Letourneau's datasets propel research that shows biodiversity improves crop production

New study involving more than 100 researchers around the world demonstrates the benefits of biodiversity for humans

In biodiverse agricultural landscapes, researchers found more wild pollinators and "beneficial" insects like the wild bee and lady beetle pictured above. Biodiversity contributes to higher crop yields, they found. (Photos by Matthias Tschumi)

When Environmental Studies Professor Deborah Letourneau was getting ready to retire, she gave several of her datasets to younger researchers so they could make use of them. And did they ever.

Letourneau's datasets are part of a large analysis of biodiversity and agriculture that combines data from teams around the world. The results of that collective effort, published in Science Advances, reveal the benefits of biodiversity in agricultural fields: Those fields are better protected from harmful insects, promote greater pollination, and produce higher yields.

"This is one of the fruits of that gesture," Letourneau said of her decision to share her datasets. An entomologist, Letourneau specialized in insect-plant interactions and biological control of crop pests in agriculture before her retirement in 2018.

Over the past two decades, approximately 20% of the Earth's cultivated surfaces have become less productive, making the new findings of particular value.

As part of an international research team, ecologists and biologists compared data from about 1,500 agricultural fields around the world, including cornfields in the United States, oilseed rape fields in southern Sweden, coffee plantations in India, mango plantations in South Africa, and cereal crops in the Alps. They analyzed two ecosystem services—processes regulated by nature that are beneficial and free for humans: pollination provided by wild insects and biological pest control, which is the ability of an environment to use predatory arthropods present in the ecosystem to defend itself from harmful insects.

In heterogeneous landscapes where the variation of crops, hedges, trees and meadows is greater, wild pollinators and "beneficial" insects are more abundant and diversified. Not only do pollination and biological control increase, so does the crop yield.

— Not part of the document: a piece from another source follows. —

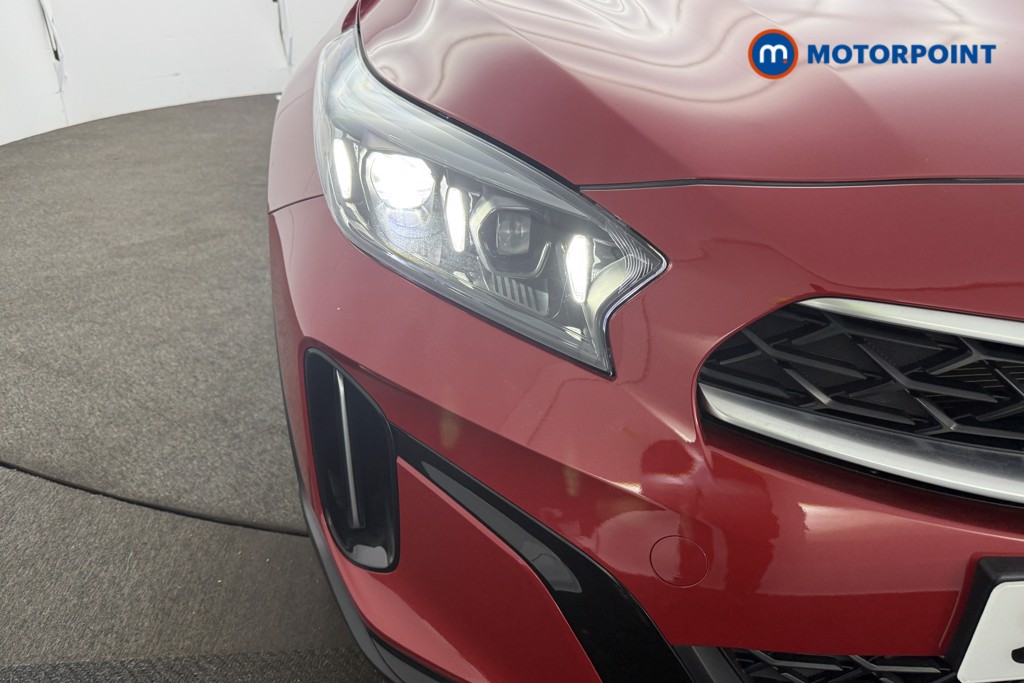 Used Kia XCeed 2022 for sale - 77674921: Photo 36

On the other hand, monocultures are the cause of roughly one-third of the negative effects on pollination that result from landscape simplification, as measured by loss of "pollinator richness." This effect is even greater with the control of harmful insects, where loss of "natural enemy richness" represents 50% of the total consequence of landscape simplification.

"UC researchers’ long legacy of investigating the role of biodiversity in promoting ecosystem services supports both larger studies such as this one, and the rationale for transforming our agricultural practices," said Letourneau.

"Our study shows that biodiversity is essential to ensure the provision of ecosystem services and to maintain a high and stable agricultural production," explained Matteo Dainese, a biologist at Eurac Research and first author of the study. "For example, a farmer can depend less on pesticides to get rid of harmful insects if natural biological controls are increased through higher agricultural biodiversity."

The researchers recommend protecting biodiverse environments and diversifying crops and landscapes as much as possible.

"Under future conditions, with ongoing global change and more frequent extreme climate events, the value of farmland biodiversity ensuring resilience against environmental disturbances will become even more important," said Ingolf Steffan-Dewenter, an animal ecologist in the Department of Animal Ecology and Tropical Biology at the University of Würzburg. "Our study provides strong empirical support for the potential benefits of new pathways to sustainable agriculture that aim to reconcile the protection of biodiversity and the production of food for increasing human populations."

The project was coordinated by the University of Würzburg and Eurac Research, a private research center headquartered in Italy.